--- INFORMATION PROVIDED Enclosed Below ---

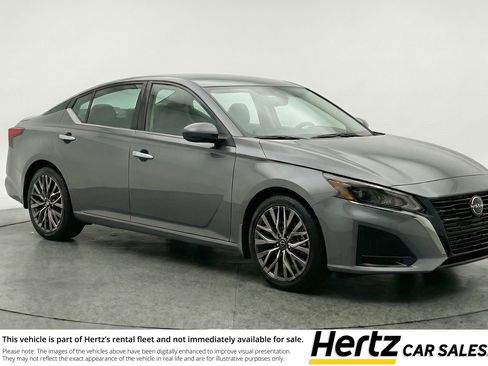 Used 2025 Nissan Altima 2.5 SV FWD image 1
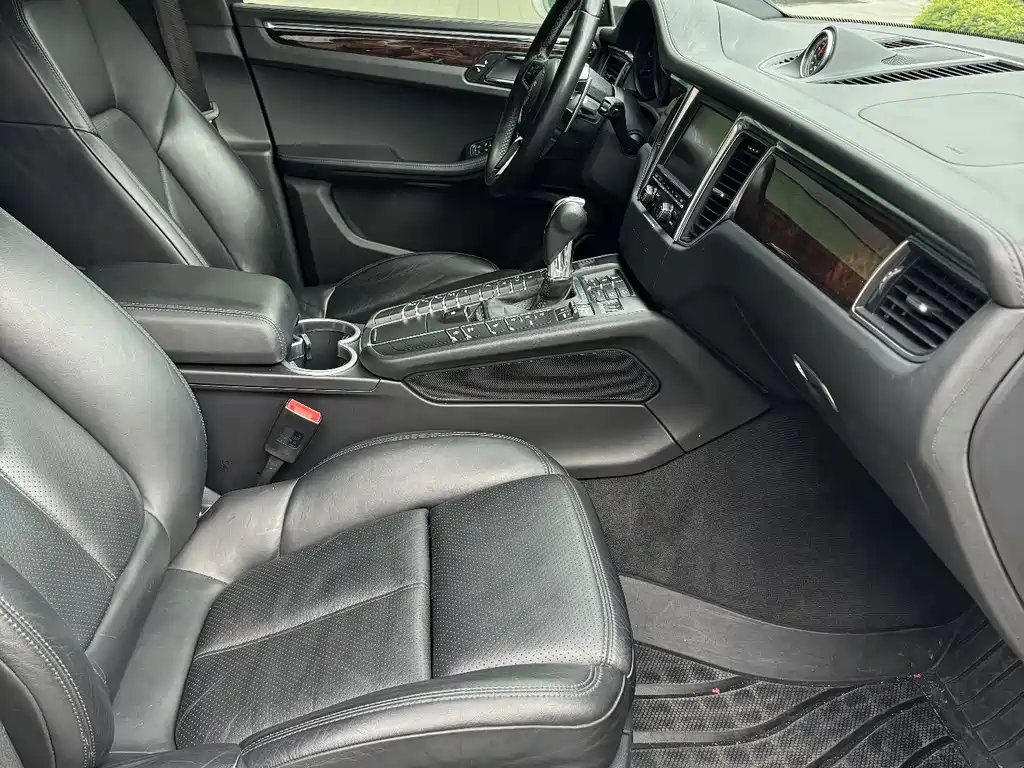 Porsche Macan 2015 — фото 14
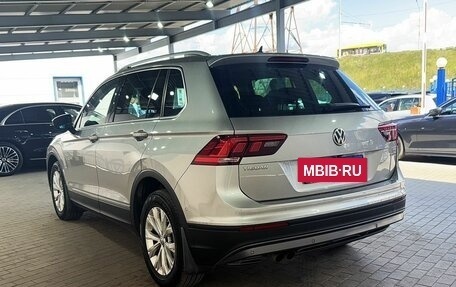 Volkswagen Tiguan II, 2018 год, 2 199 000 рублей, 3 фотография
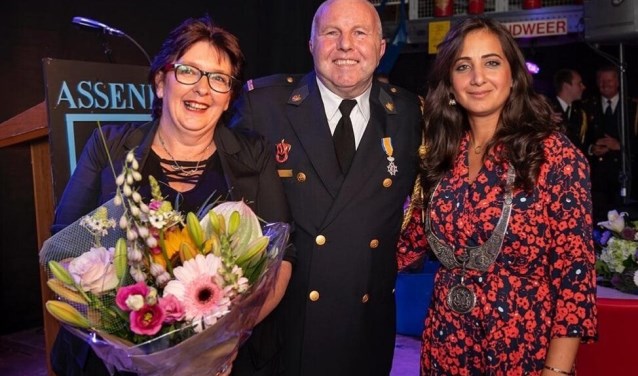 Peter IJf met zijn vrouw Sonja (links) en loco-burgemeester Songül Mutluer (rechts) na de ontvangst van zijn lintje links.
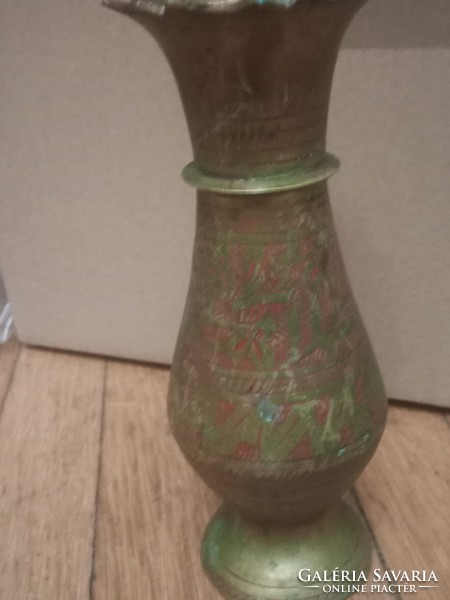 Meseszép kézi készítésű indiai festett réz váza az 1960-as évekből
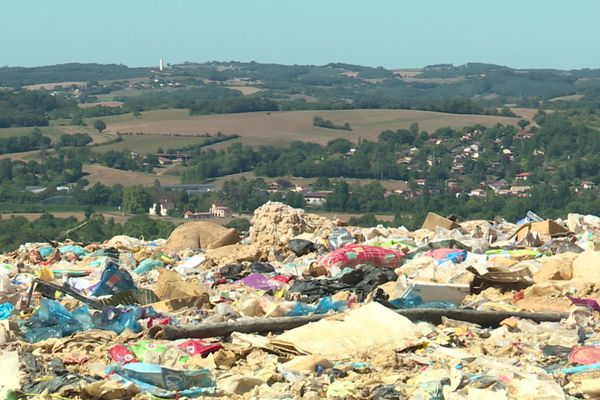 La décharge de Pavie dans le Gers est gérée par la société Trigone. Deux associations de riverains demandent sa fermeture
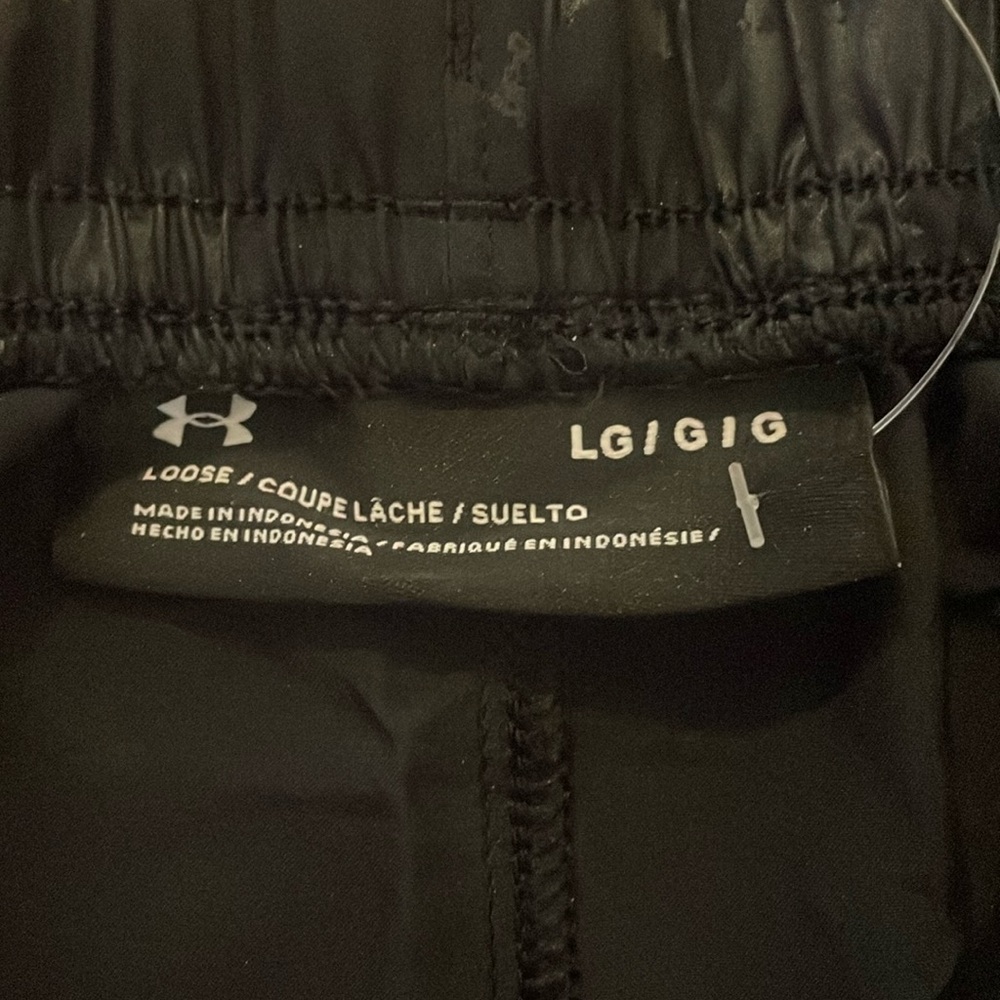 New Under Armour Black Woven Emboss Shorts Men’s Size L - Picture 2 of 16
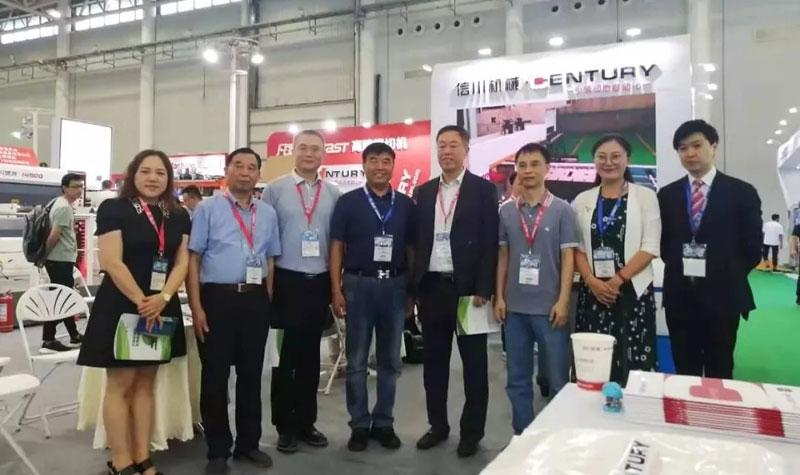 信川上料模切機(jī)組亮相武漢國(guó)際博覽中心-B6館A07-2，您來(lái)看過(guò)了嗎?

--- End of Enclosed INFORMATION PROVIDED ---

## [TASK DETAILS]
Transcribe each entry above without alteration, but keep the pictures out.

## [RESPONSE BELOW]
 Used 2025 Nissan Altima 2.5 SV FWD image 1
 Porsche Macan 2015 — фото 14
 Volkswagen Tiguan II, 2018 год, 2 199 000 рублей, 3 фотография
 Peter IJf met zijn vrouw Sonja (links) en loco-burgemeester Songül Mutluer (rechts) na de ontvangst van zijn lintje links.
 Meseszép kézi készítésű indiai festett réz váza az 1960-as évekből
 La décharge de Pavie dans le Gers est gérée par la société Trigone. Deux associations de riverains demandent sa fermeture
 New Under Armour Black Woven Emboss Shorts Men’s Size L - Picture 2 of 16
 信川上料模切機(jī)組亮相武漢國(guó)際博覽中心-B6館A07-2，您來(lái)看過(guò)了嗎?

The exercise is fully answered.